Nun kann man finden, dass die Kirchen sich tagespolitisch zurückhalten müssten oder ihr Geld nicht für Abstimmungskampagnen ausgeben sollten. Aber es mutet seltsam an, von den Kirchen zu erwarten, dass sie sich nicht zum Thema Moral äussern sollen. Oder zur Vorstellung von einem rechtschaffenen Leben oder was einen guten Christenmenschen ausmacht. Scheint mir ja eher zum Kerngeschäft zu gehören.
Zudem dachte ich ja immer, dass Moral und Moralisieren im Zentrum konservativer Überzeugungen steht. Schon Cicero beklagte im alten Rom: «O tempora, o mores» – was für Zeiten, für Sitten. Die Klage des Sittenzerfalls bedingt ja eine Vorstellung von Sittlichkeit. War es nicht einmal die Linke, die sich gegen eine erdrückende christliche Moral zur Wehr gesetzt hat? So heisst es in Brechts Dreigroschenoper: «Ihr Herrn, die ihr uns lehrt, wie man brav leben / Und Sünd und Missetat vermeiden kann /Zuerst müsst ihr uns was zu fressen geben / Dann könnt ihr reden: damit fängt es an.» Erst müssen die materiellen Bedürfnisse gedeckt werden, bevor man sich den Luxus einer Moral leisten kann.
Nichts scheint jetzt den Konservativen und Bürgerlichen heute aber so suspekt wie die Moral. «Ein guter Mensch sein! Ja, wer wär’s nicht gern?» Fragt Peachum in der Dreigroschenoper. Doch leider, so sein Fazit: «Die Verhältnisse, sie sind nicht so.» Verfolgt man die Diskussion zur Konzernverantwortungsinitiative könnte man meinen, es sei das schlechteste überhaupt, ein guter Mensch zu sein.
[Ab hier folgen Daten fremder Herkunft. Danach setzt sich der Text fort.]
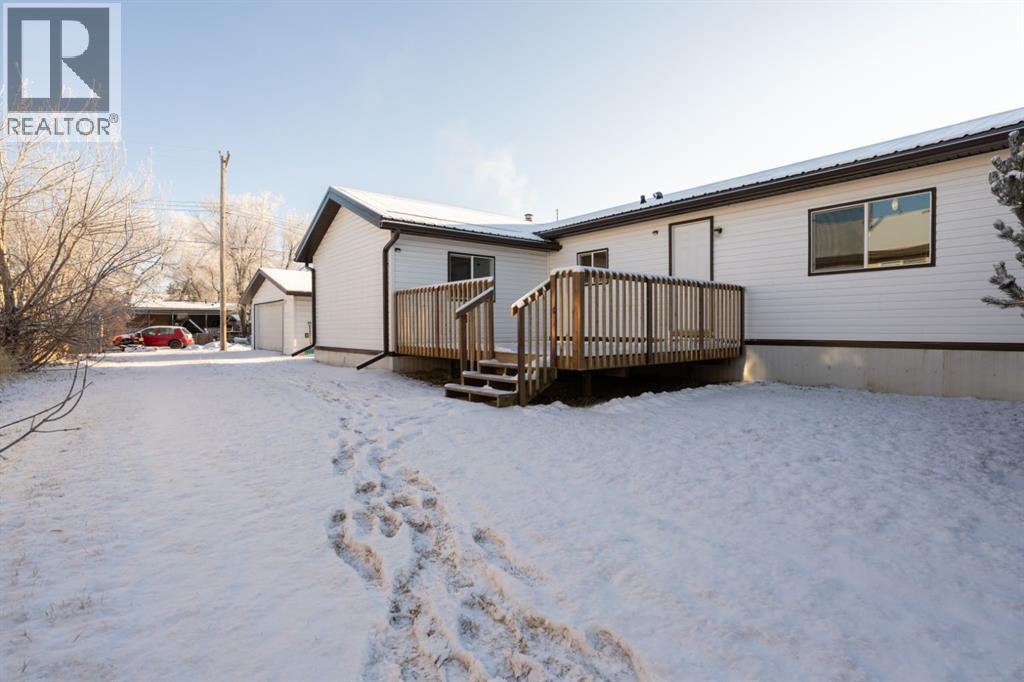 11 1st Avenue N, Hay Lakes, Alberta  T0B 1W0 - Photo 2 - A2273433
Das hat auch taktische Gründe: In einem Strategiepapier der Economiesuisse, so berichtete der ‹Tages-Anzeiger›, habe diese selber festgestellt, dass es schwierig sei, die Initiative auf einer sachlichen Ebene zu bekämpfen, weil argumentativ nicht viel gegen das Anliegen spreche. Darum versucht die Gegenkampagne in erster Linie, rechtliche Unsicherheit zu stiften, und zum zweiten den Leuten zu ermöglichen, mit gutem Gewissen Nein zu stimmen. Dabei ist natürlich immer hilfreich, wenn man gar nicht erst gross ein Gewissen hat. Und sonst werden eben jene diskreditiert, die einem ein schlechtes Gewissen machen: die Gutmenschen, die Kirchen, die Hilfswerke.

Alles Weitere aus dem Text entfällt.